The field is visible and not required.	The field will be automated if: there will be some validation source - built-in check ("checks"), confidence score over threshold ("score"), etc. If nothing is extracted, the confidence score will be null, and the document will be automated without regards to what threshold is set. The field will not be automated if: the confidence score is below the confidence score threshold and there is no other validation source that would enable automation. the confidence score will be equal or higher than the score threshold but the field is evaluated with a negative built-in check.
The field is visible, not required, but a validation error occurred.	A validation error may occur, for example, if a date couldn't be converted to a correct format. Validation error will always stop a document from being automated for both confident and always levels of automation.

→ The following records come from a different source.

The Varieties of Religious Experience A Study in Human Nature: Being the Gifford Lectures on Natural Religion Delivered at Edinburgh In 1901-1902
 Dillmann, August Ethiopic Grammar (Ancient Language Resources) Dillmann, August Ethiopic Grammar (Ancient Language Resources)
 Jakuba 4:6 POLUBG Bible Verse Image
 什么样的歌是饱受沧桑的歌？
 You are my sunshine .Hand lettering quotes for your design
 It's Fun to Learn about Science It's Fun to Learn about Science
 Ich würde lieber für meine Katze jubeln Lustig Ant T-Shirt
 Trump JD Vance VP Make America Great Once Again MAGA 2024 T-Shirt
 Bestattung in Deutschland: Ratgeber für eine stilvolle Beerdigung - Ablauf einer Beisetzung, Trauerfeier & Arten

The field is visible, not required and should be automated anytime there is a value with no validation error	Set the score threshold to 0 for the field in order to make it work. The field will not be automated if: The field is evaluated with a negative built-in check
The field is visible, not required, has an empty rir_field_names and the field's value is empty.	Such fields are stopped for validation. Set the score threshold to 0 for the field in order to automate it. The field will not be automated if: The field is evaluated with a negative built-in check
Field is populated by upload parameters upload:id	Set the score threshold to 0 for the field in order to automate it. The field will not be automated if: The field is evaluated with a negative built-in check
Field's value is filled with default_value	The field will be automated if: Score threshold is set to 0 for the field. The field will not be automated if: The field is evaluated with a negative built-in check in relation to other fields. The default_value does not comply with the data type of the field and formatting error is returned.
Enum fields with extracted value but no confidence score	It might happen that sometimes a value is predicted with no confidence score. This situation can happen for example when you have custom enums not predicted by the AI Engine outputs - rir_field_names. It you would like to automated such fields, set the confidence score threshold to 0.